Posted by ESPN.com's James Walker
PITTSBURGH -- Even in the midst of last season's Super Bowl run, the Steelers quietly had their sights set on developing younger talent for next year and beyond.
Consider them Pittsburgh's "pet projects" for the future.
Now, cornerback William Gay and receiver Limas Sweed -- players with limited experience -- are expected to play much larger roles in 2009. They both appear ready to immediately contribute because behind the scenes Pittsburgh's coaching staff worked constantly with Gay and Sweed and found a way to work them into games even if it came with growing pains.
Sweed's struggles were evident, because they came late in the season during playoff games.

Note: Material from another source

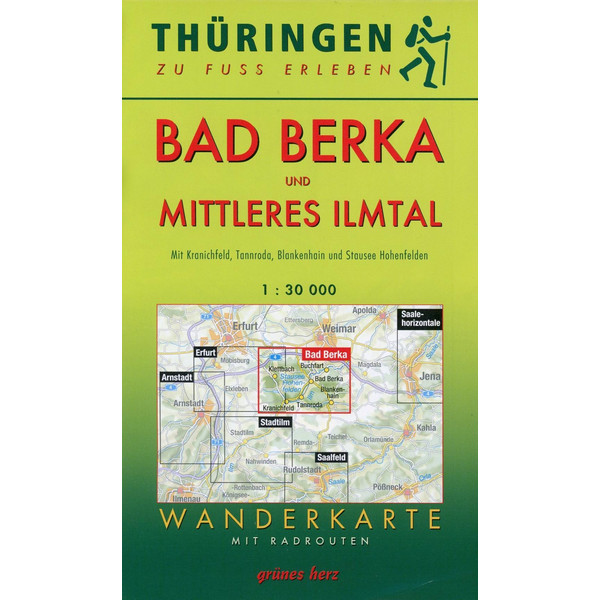 WANDERKARTE BAD BERKA UND MITTLERES ILMT - Wanderkarte Ansicht 1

Then a rookie, Sweed had drops and lapses in concentration. Yet this summer he's been a standout in training camp. He carried that momentum into Pittsburgh's 20-10 preseason win over Arizona by recording two catches for 56 yards, including an impressive 45-yard reception.
Sweed credits head coach Mike Tomlin and the rest of Pittsburgh's coaching staff for never getting down on him.
"The coaches are always positive, even back when I was struggling," said Sweed, who likely will be Pittsburgh's No. 3 receiver this season. "It's not to say I'm perfect now. But I'm doing better than what I did as a rookie when I was trying to learn the plays and catching up.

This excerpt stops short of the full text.